## Directions
Look in the data below for the line that has "夏季2025年新款灰色简约气质直筒西装裙显瘦半身裙高级感休闲裙子", then print exactly every line from there through the line that has "PERMO Sconce with", leaving pictures out.

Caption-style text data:
*** Begin section ***
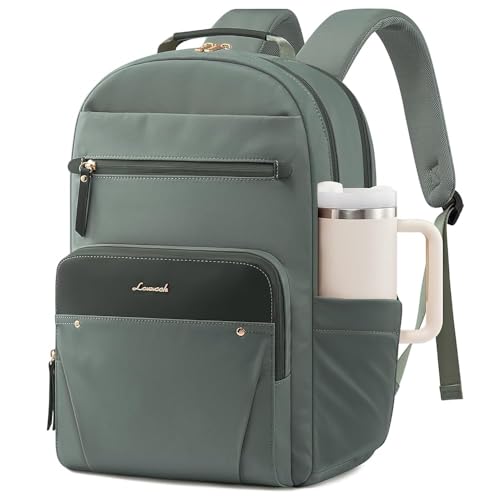 LOVEVOOK Laptop Backpack for Women with Leather Trim & Tumbler Pockets, 17.3" Work Backpack Purse, Travel Personal Item Bag, Carry On Business Computer Bag for Office, School, or Gift, Sage Green - color: Sage Green, size: 17.3 inches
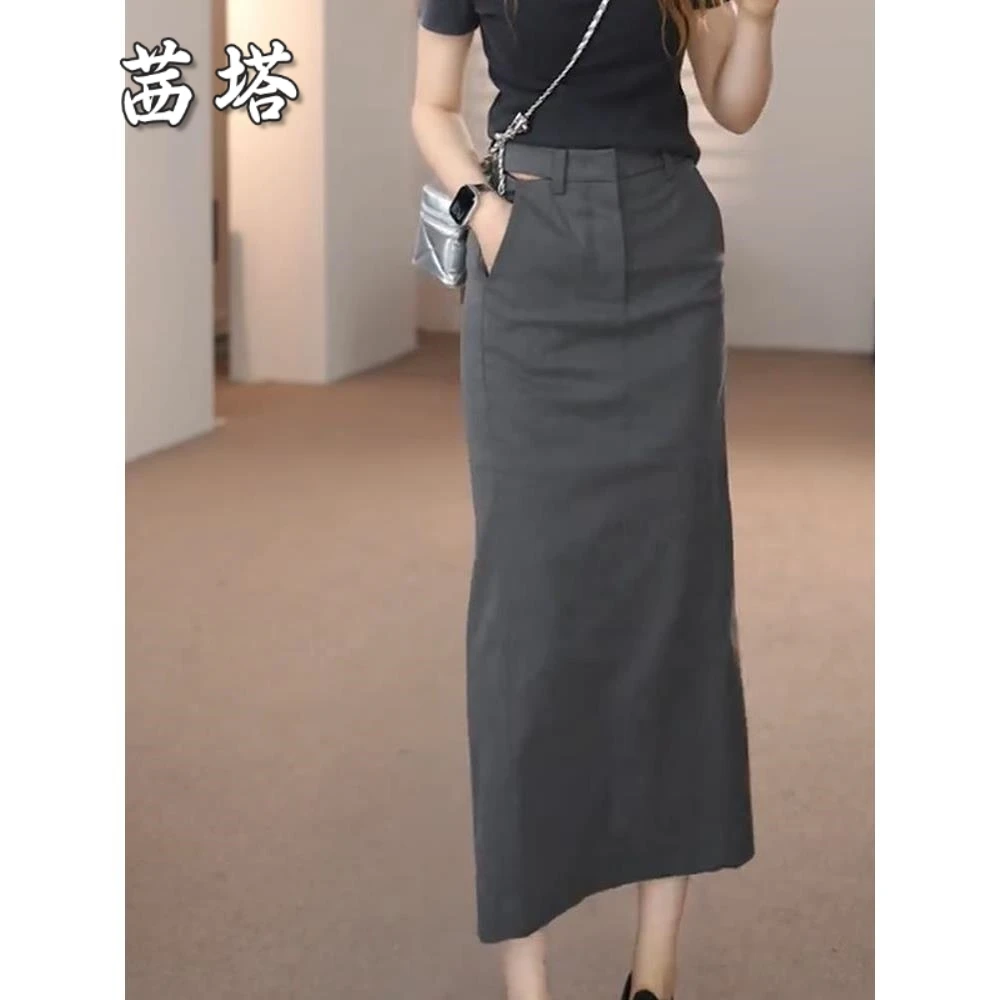 夏季2025年新款灰色简约气质直筒西装裙显瘦半身裙高级感休闲裙子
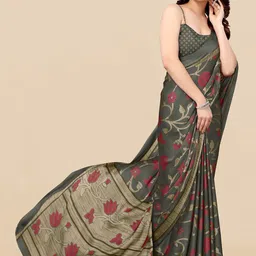 KALINI Floral Printed Poly Chiffon Saree-picture-20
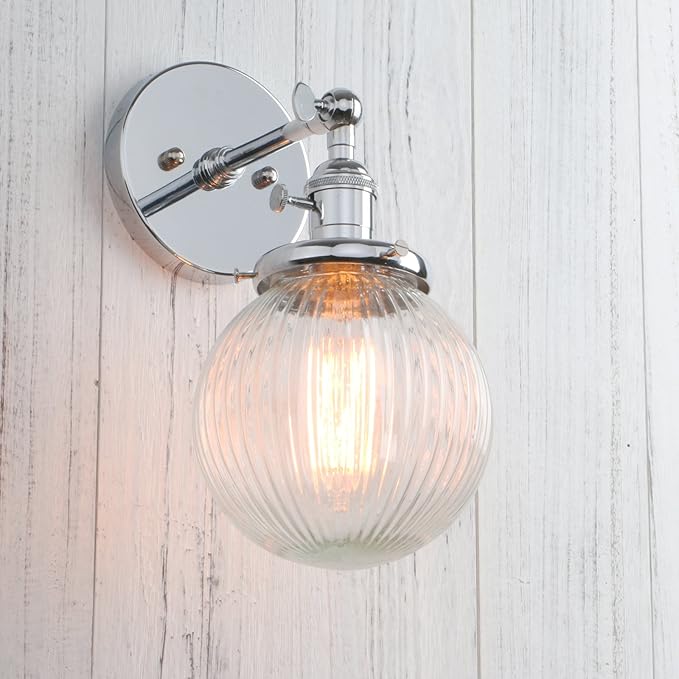PERMO Sconce with Switch Industrial Gold Wall Sconce Lighting with Ribbed Globe Lampshade (Chrome, 1 Light-Hardwired)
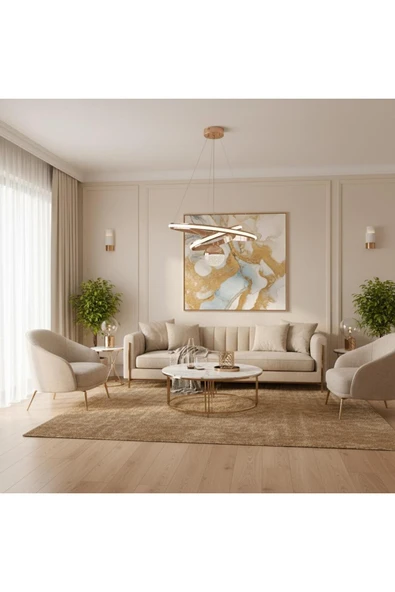 Elizim Home Lighting Valeria Lüx Kaliteli Ledli Gold Sarkıt Avize ürün görseli 1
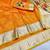 Gold zari woven paithani silk blend saree with blouse piece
*** End section ***
## Result of this task
 夏季2025年新款灰色简约气质直筒西装裙显瘦半身裙高级感休闲裙子
 KALINI Floral Printed Poly Chiffon Saree-picture-20
PERMO Sconce with Switch Industrial Gold Wall Sconce Lighting with Ribbed Globe Lampshade (Chrome, 1 Light-Hardwired)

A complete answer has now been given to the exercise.